/---

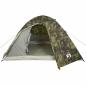 Preview: Kuppel-Campingzelt 3 Personen Tarnmuster Wasserdicht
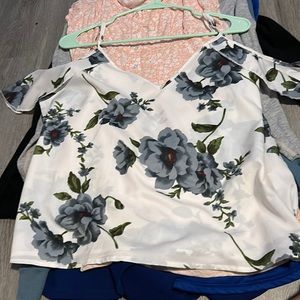 Floral off the shoulder blouse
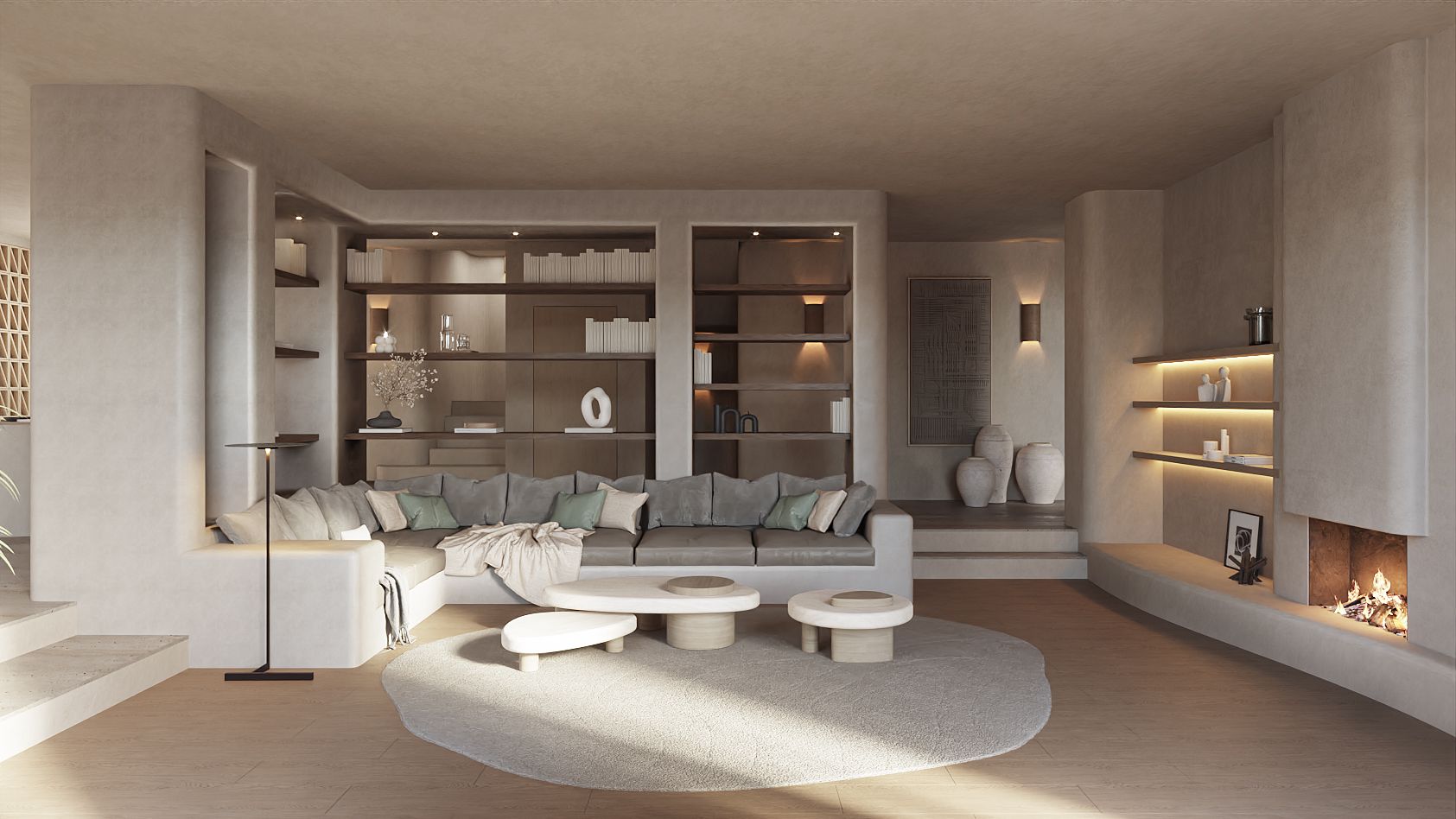 Outdoor terrace area of new-build villa, Altea Hills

\---

# What is needed
Your copy of the data should match it exactly, apart from the images, which are omitted.

# Answer to the exercise
 Preview: Kuppel-Campingzelt 3 Personen Tarnmuster Wasserdicht
 Floral off the shoulder blouse
 Outdoor terrace area of new-build villa, Altea Hills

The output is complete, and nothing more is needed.